Other: Oxaliplatin + Capecitabine + Bevacizumab The above schemes are repeated every three weeks. After 8 cycles, such as CR, PR or SD, the regimen is changed to Capecitabine (1000mg/m2 po. d1-14)+bevacizumab (7.5mg/kg, intravenous drip, d1). The regimen is repeated every 3 weeks until the disease progresses.
Shenzhen People's Hospital
Shenzhen, Guangdong, China
RECRUITINGProgression-free Survival (PFS) Time
PFS is defined as the time from the date of randomization until the date of objectively determined progressive disease (PD) \[according to Response Evaluation Criteria in Solid Tumors (RECIST) version (v). 1.1\] or death due to any cause, whichever will be first. PD is at least a 20% increase in the sum of the diameters of target lesions, taking as reference the smallest sum on study (this includes the baseline sum if that is the smallest on study). In addition to the relative increase of 20%, the sum must also demonstrate an absolute increase of at least 5 millimeters (mm). Participants who died without a reported prior progression will be considered to have progressed on the day of their death. Participants who do not progress or be lost to follow-up will be censored at the day of their last radiographic tumor assessment.
Time frame: The follow-up period ranges from the first patient recruited to the last patient within 6 months after admission, up to 2 years.
Overall Survival (OS)
OS is defined as the time in months from the date of randomization to the date of death from any cause. For participants not known to have died as of the cut-off date, OS will be censored at the last known date alive.
Time frame: The follow-up period ranges from the first patient recruited to the last patient within 6 months after admission,up to 2 years.
Percentage of Participants Achieving an Objective Response (Objective Response Rate)
The objective response rate is equal to the proportion of participants achieving a best overall response of partial response or complete response (PR + CR). Response is defined using RECIST, v. 1.1 criteria.
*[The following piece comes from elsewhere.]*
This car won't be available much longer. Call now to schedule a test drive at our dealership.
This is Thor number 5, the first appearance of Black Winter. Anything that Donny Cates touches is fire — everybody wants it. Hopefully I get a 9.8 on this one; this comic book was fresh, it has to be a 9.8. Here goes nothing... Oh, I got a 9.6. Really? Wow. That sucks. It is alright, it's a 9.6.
CR is defined as the disappearance of all target and non-target lesions and any pathological lymph nodes (whether target or non-target) must have reduction in short axis to \<10 mm and normalization of tumor marker level of non-target lesions; PR is defined as having at least a 30% decrease in sum of longest diameter of target lesions taking as reference the baseline sum diameter.
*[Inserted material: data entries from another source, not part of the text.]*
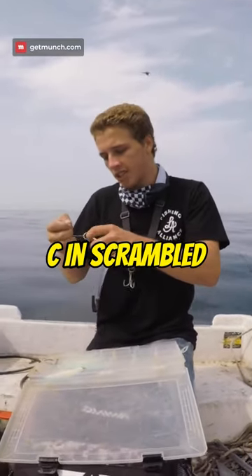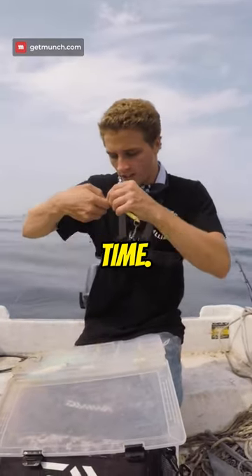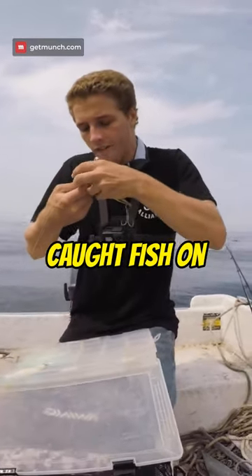Right now I'm throwing a Taddy Sea in Scrambled Egg — this has been one of my favorite colors for a long time. I've always caught fish on MPV.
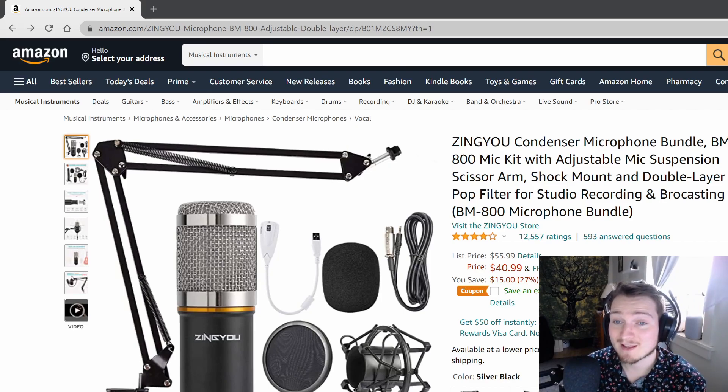It's time to upgrade for like $40. $40.99. If you have Prime, it's free shipping.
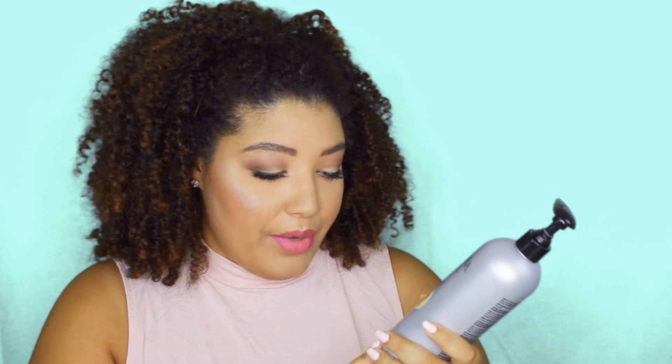First, this is the Kenra Curl Co-Wash Low Lather Cleanser. This is not your typical shampoo — it has no sulfates, no parabens, and no sodium chloride, so it's definitely safe for all of you girls doing the curly girl method. It is a low lather, meaning barely any bubbles, so don't be alarmed.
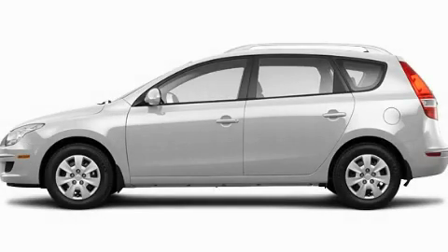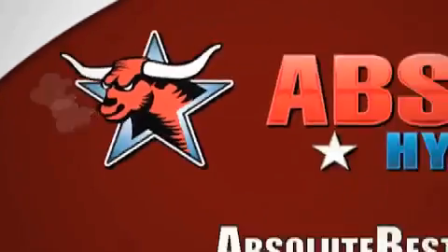Call or visit us right now and arrange your test drive today. All new Hyundais come with America's best 10-year, 100,000-mile warranty.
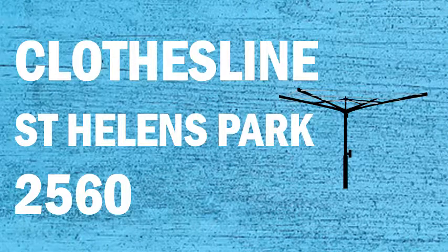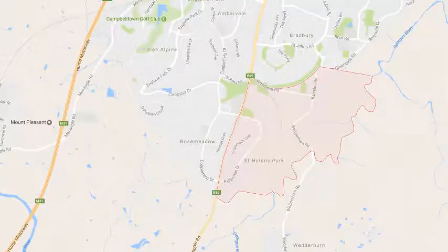If you're looking for a new clothesline or washing line in the St Helens Park area of Sydney, Lifestyle Clotheslines can help. We service the full St Helens Park area and offer a supply only, or a supply and installation service if you need help with installing your new clothesline or washing line.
Time frame: The follow-up period ranges from the first patient recruited to the last patient within 3 months after admission.
Percentage of Participants Achieving a Stable Disease (SD) or a confirmed CR or PR (Disease Control Rate)
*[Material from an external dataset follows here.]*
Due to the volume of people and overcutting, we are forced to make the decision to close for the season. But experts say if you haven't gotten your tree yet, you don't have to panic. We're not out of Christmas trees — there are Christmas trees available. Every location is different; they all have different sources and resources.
Participants achieved disease control if they have a best overall response of CR, PR or SD. According to RECIST v1.1, CR is the disappearance of all non-nodal target lesions, with the short axes of any target lymph node reduced to \<10 mm, the disappearance of all non-target lesions, and the normalization of tumor marker levels (if tumor markers were initially above the ULN); PR was defined as at least a 30% decrease in the sum of the diameters of target lesions (including the short axes of any target lymph node), taking as reference the baseline sum diameter. SD is neither sufficient shrinkage to qualify as PR nor sufficient increase to qualify as PD, taking as reference the smallest sum diameter since treatment started.
Time frame: The follow-up period ranges from the first patient recruited to the last patient within 3 months after admission.